2.5 Authentication

Authentication is the ability to identify the source of the communication, both for the communicating parties and for the information itself. In other words, authentication refers to a cryptographic mechanism ensuring that the identity of communicating entities can be verified and that the source of a received message can be verified. Any two parties entering into a secure communication should authenticate each other and the data received with respect to their origin. This hints at the fact that there are actually two kinds of authentication: one to verify identities (entity authentication) and another to verify data origin (message authentication).

Authentication is one of the most important security goals in cryptography. After hash functions and digital signatures were discovered, authentication and confidentiality were classified as independent information security objectives [117]. Without authentication, however, there can be no genuine confidentiality because you can never be sure who you are talking to, even if the communication is in encrypted form. Today, confidentiality and authentication are often combined in authenticated encryption schemes (see Chapter 15, Authenticated Encryption).

It might even seem superfluous to differentiate between authentication and confidentiality. In practice, however, implementing one or the other can have fundamental implications on legal matters.

As an example, export control (legislation regulating the export of goods, software, and technology) restricts the export of items considered potentially harmful to the interest of the exporting country. Such items include arms, so-called dual-use goods with military potential, radioactive materials such as uranium, and cryptography.

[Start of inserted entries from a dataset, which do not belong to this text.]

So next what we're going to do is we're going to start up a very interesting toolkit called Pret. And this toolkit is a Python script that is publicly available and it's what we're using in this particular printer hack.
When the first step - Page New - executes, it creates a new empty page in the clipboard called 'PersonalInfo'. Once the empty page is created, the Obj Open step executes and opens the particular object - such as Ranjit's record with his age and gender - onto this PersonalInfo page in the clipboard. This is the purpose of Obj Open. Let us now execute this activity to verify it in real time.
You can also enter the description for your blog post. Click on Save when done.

In the case of cryptography, it is prohibited to export hardware or software that can be used for strong encryption to export controlled or sanctioned countries, entities, and persons. Strong encryption refers to encryption algorithms (see Chapter 4, Encryption and Decryption) deemed to be secure by national agencies and standardization bodies such as GCHQ or NIST. If the actual goal of a security system is to authenticate individual entities, such as a sensor in a car and an electronic control unit that uses the measurement data from that sensor, it might be more practical to use a cryptographic mechanism for authentication rather than encryption.

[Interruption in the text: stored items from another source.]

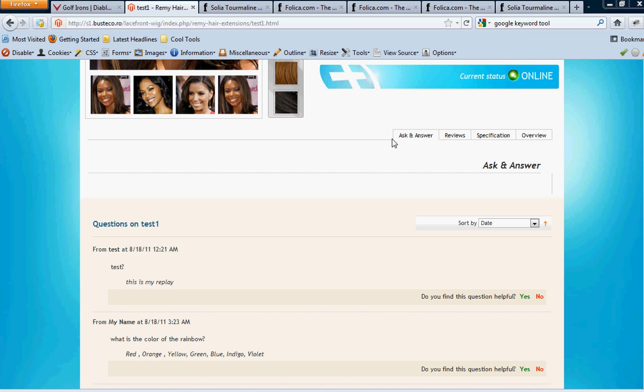Hi lad, this is Thomas. I just wanted to make a quick video here to show you exactly how we want the Ask and Answer and Reviews section to be for the website. That way there's no confusion or questions about it.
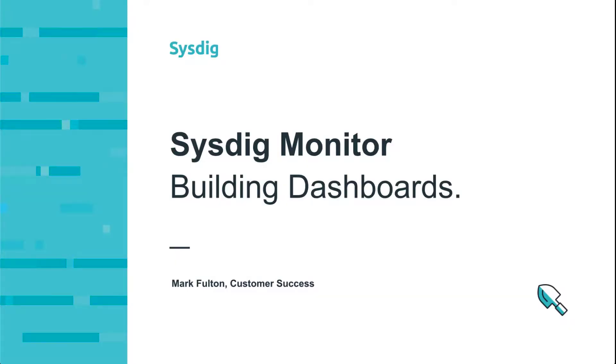Hi, I'm Mark Fulton with Sysdig Customer Success. Today we'll learn about creating dashboards in Sysdig Monitor.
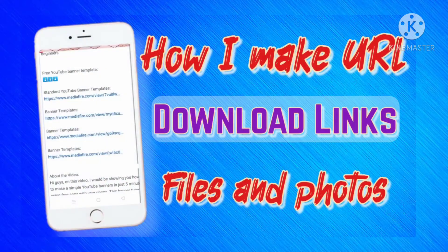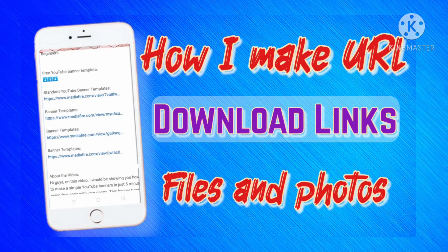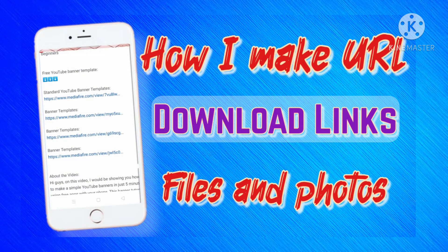Welcome, on this video I would be showing you how to make a URL download link for your files, photos and videos.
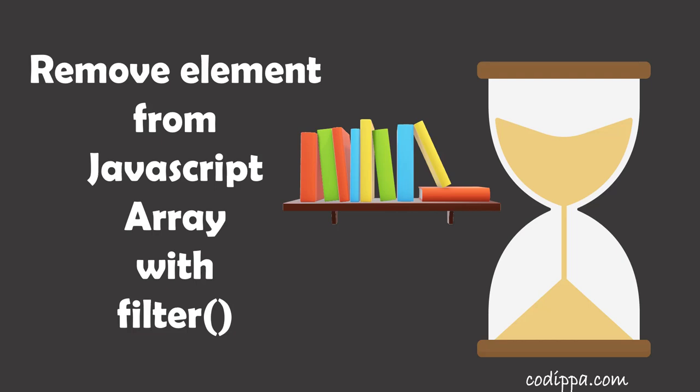In this video, you will see how to remove an element from a JavaScript array based on some condition.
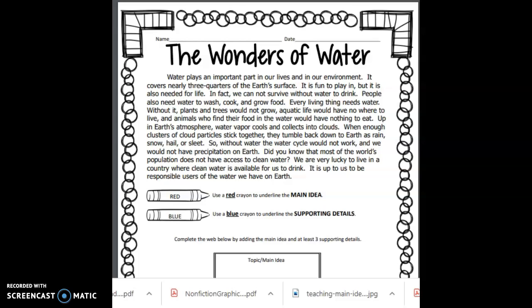Good morning, boys and girls. Today we're going to start by practicing identifying the main idea and supporting details of an informational text with a very simple text. Today's text title is The Wonders of Water.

Another example where the separation of confidentiality and authentication makes sense is provided by two communicating parties located in different countries where one or both of the countries do not permit confidentiality in order to monitor all communications. While the legitimate parties are not allowed to use encryption, a mechanism for achieving confidentiality, they can still use a cryptographic algorithm to ensure the identity of each party as well as the origin of the information both parties receive.